• [Supplied material]:
◆ ◆ ◆ ◆ ◆

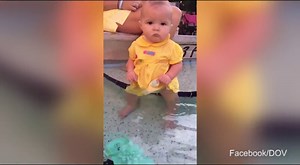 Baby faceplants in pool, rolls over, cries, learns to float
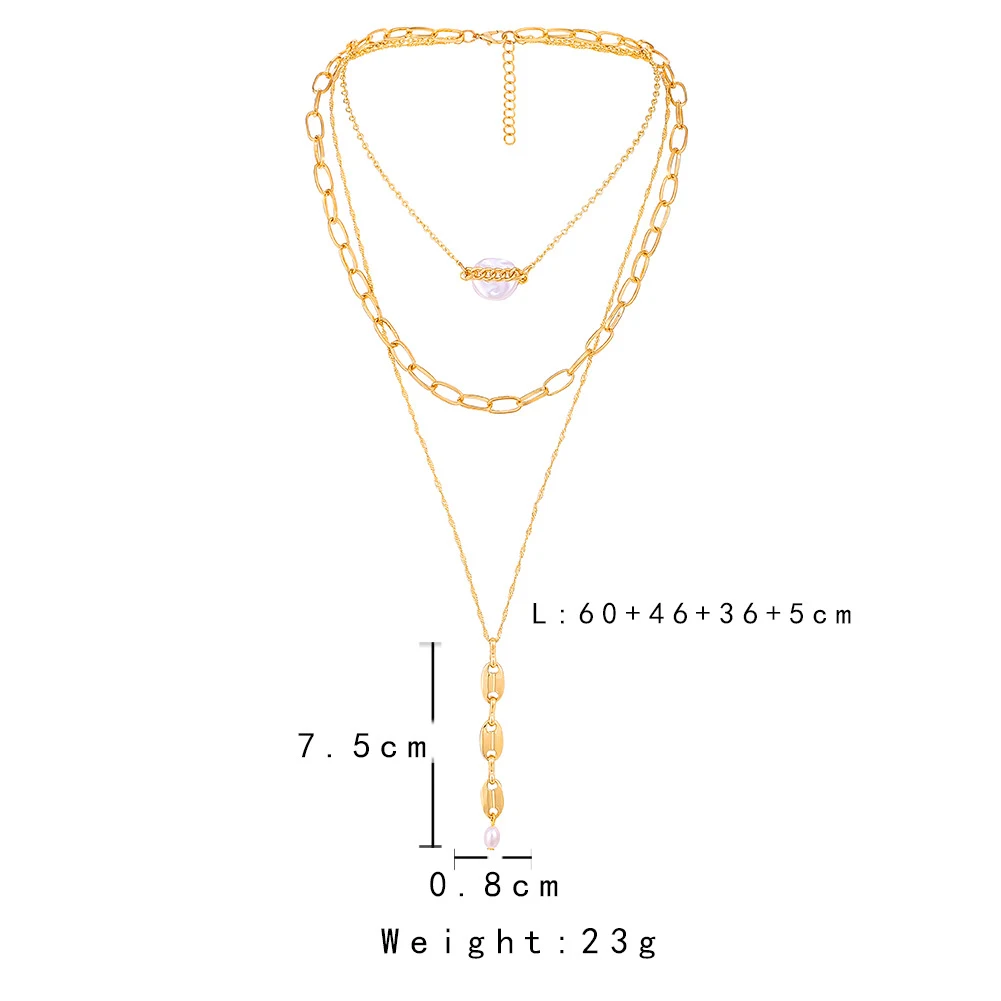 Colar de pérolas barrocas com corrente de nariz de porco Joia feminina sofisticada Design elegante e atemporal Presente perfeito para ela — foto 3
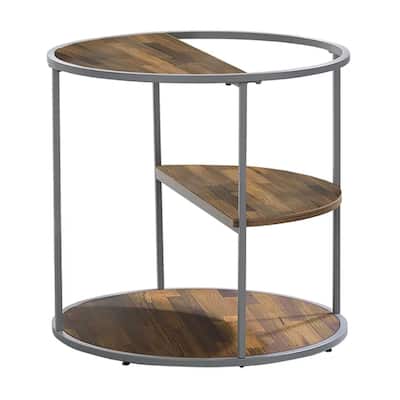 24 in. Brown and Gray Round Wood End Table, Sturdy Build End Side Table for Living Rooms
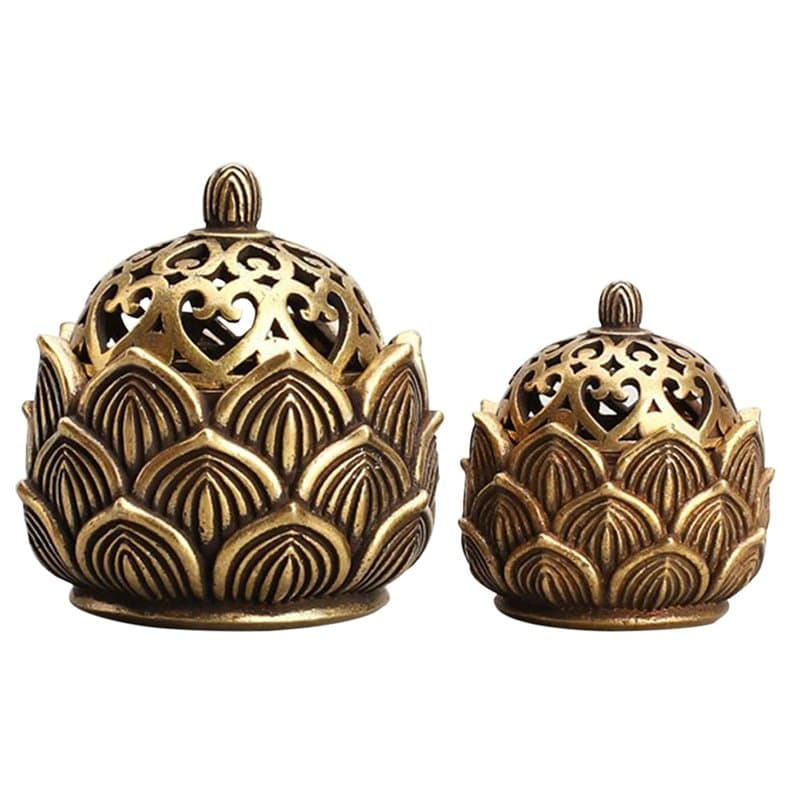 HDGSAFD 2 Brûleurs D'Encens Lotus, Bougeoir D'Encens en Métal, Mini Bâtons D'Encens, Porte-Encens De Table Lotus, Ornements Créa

◆ ◆ ◆ ◆ ◆

• [Work to complete]:
The expected result is the complete listing above, printed exactly, with no pictures.

• [Exercise output]:
 Baby faceplants in pool, rolls over, cries, learns to float
 Colar de pérolas barrocas com corrente de nariz de porco Joia feminina sofisticada Design elegante e atemporal Presente perfeito para ela — foto 3
 24 in. Brown and Gray Round Wood End Table, Sturdy Build End Side Table for Living Rooms
 HDGSAFD 2 Brûleurs D'Encens Lotus, Bougeoir D'Encens en Métal, Mini Bâtons D'Encens, Porte-Encens De Table Lotus, Ornements Créa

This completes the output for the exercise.